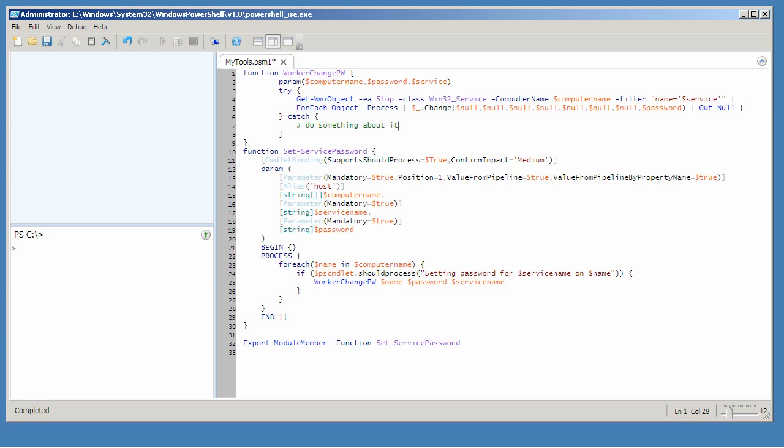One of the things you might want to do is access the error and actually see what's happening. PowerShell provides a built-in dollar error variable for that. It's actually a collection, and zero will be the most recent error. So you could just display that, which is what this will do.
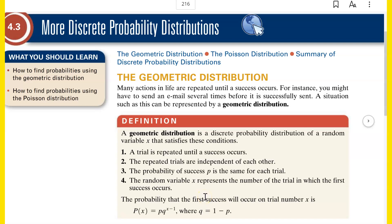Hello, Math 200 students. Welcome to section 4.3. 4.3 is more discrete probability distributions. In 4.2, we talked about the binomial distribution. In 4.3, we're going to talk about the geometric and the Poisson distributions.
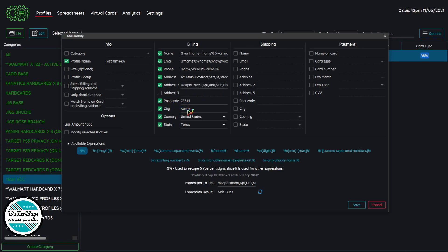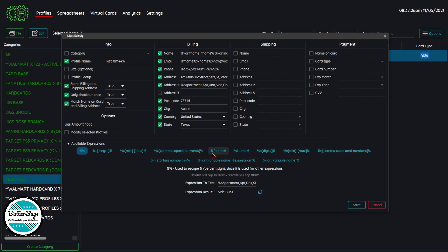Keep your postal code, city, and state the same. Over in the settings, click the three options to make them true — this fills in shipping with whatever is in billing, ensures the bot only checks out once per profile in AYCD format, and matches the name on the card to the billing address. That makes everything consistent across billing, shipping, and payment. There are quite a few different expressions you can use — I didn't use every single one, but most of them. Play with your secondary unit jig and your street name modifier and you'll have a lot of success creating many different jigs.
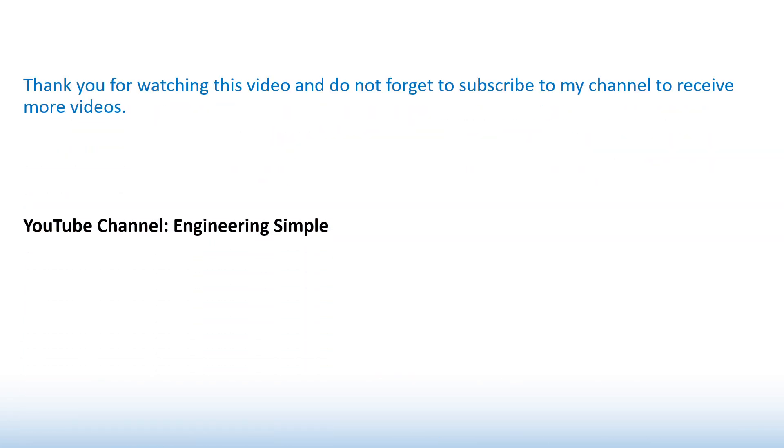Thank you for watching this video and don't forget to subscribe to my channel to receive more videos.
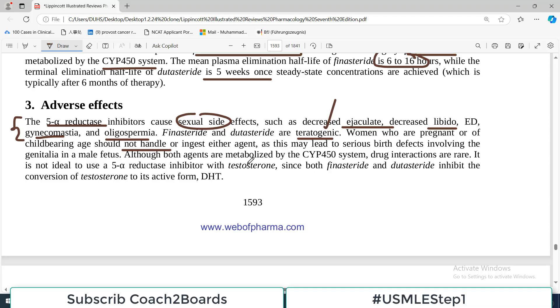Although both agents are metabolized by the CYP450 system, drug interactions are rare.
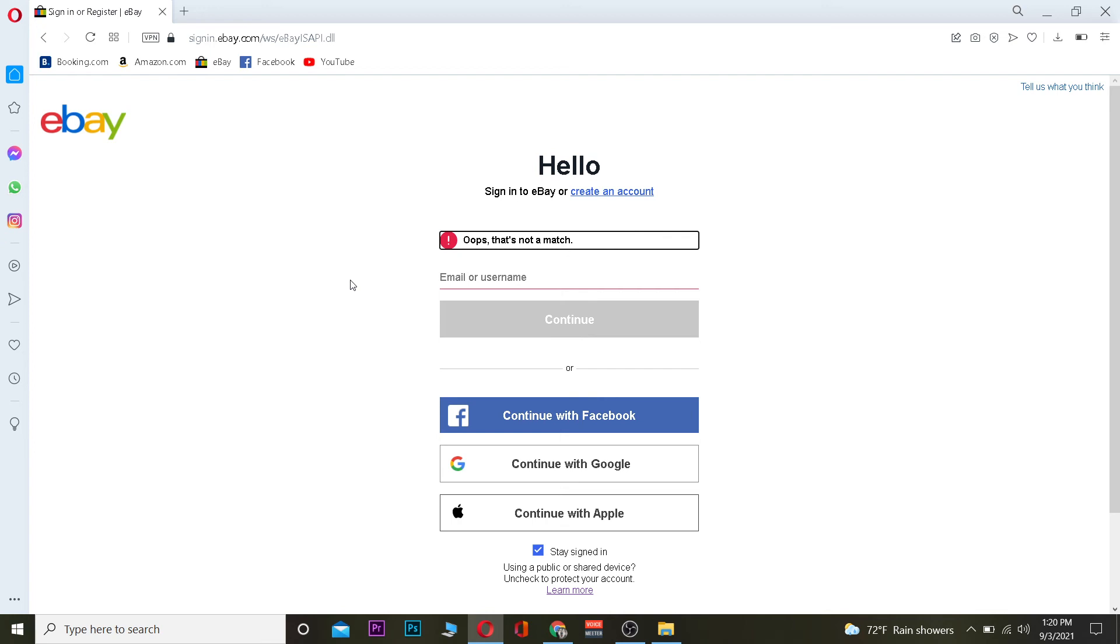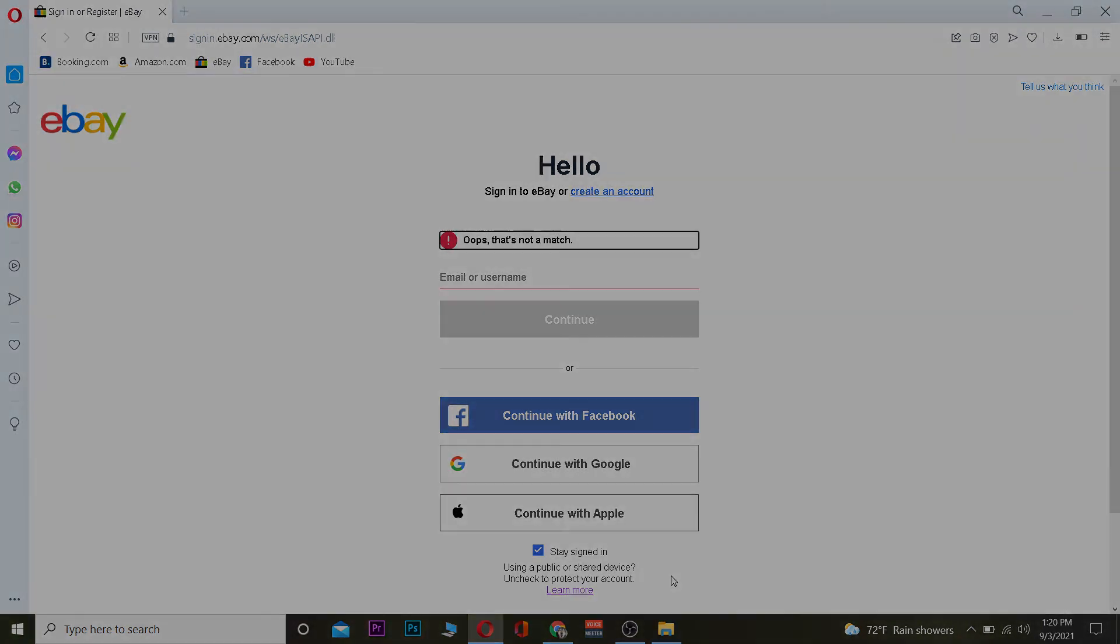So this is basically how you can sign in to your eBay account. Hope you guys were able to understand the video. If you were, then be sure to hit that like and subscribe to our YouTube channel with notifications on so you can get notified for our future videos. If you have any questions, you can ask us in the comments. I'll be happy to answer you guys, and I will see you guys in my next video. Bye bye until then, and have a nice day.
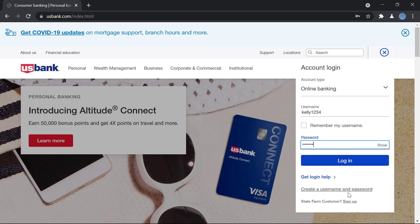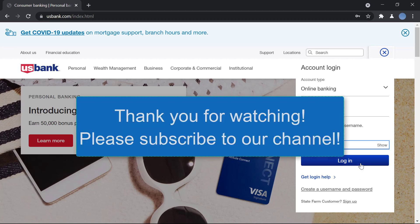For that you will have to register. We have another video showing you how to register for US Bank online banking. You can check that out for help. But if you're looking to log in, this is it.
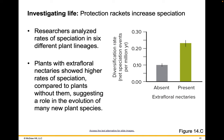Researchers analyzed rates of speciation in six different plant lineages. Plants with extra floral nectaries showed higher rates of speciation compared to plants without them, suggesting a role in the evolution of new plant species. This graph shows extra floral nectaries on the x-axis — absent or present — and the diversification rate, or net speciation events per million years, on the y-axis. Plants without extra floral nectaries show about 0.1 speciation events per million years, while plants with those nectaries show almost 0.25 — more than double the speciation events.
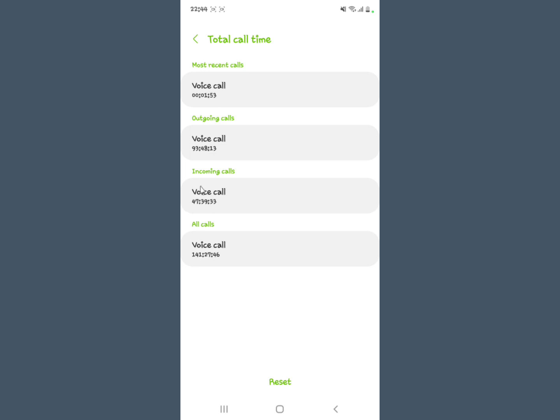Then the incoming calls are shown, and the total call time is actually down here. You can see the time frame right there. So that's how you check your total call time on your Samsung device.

--------

> Requirement:
Return the full set of lines above word for word and with no pictures.

> Response to the exercise:
One of the things you might want to do is access the error and actually see what's happening. PowerShell provides a built-in dollar error variable for that. It's actually a collection, and zero will be the most recent error. So you could just display that, which is what this will do.
Hello, Math 200 students. Welcome to section 4.3. 4.3 is more discrete probability distributions. In 4.2, we talked about the binomial distribution. In 4.3, we're going to talk about the geometric and the Poisson distributions.
Keep your postal code, city, and state the same. Over in the settings, click the three options to make them true — this fills in shipping with whatever is in billing, ensures the bot only checks out once per profile in AYCD format, and matches the name on the card to the billing address. That makes everything consistent across billing, shipping, and payment. There are quite a few different expressions you can use — I didn't use every single one, but most of them. Play with your secondary unit jig and your street name modifier and you'll have a lot of success creating many different jigs.
Thank you for watching this video and don't forget to subscribe to my channel to receive more videos.
Although both agents are metabolized by the CYP450 system, drug interactions are rare.
So this is basically how you can sign in to your eBay account. Hope you guys were able to understand the video. If you were, then be sure to hit that like and subscribe to our YouTube channel with notifications on so you can get notified for our future videos. If you have any questions, you can ask us in the comments. I'll be happy to answer you guys, and I will see you guys in my next video. Bye bye until then, and have a nice day.
For that you will have to register. We have another video showing you how to register for US Bank online banking. You can check that out for help. But if you're looking to log in, this is it.
Researchers analyzed rates of speciation in six different plant lineages. Plants with extra floral nectaries showed higher rates of speciation compared to plants without them, suggesting a role in the evolution of new plant species. This graph shows extra floral nectaries on the x-axis — absent or present — and the diversification rate, or net speciation events per million years, on the y-axis. Plants without extra floral nectaries show about 0.1 speciation events per million years, while plants with those nectaries show almost 0.25 — more than double the speciation events.
Then the incoming calls are shown, and the total call time is actually down here. You can see the time frame right there. So that's how you check your total call time on your Samsung device.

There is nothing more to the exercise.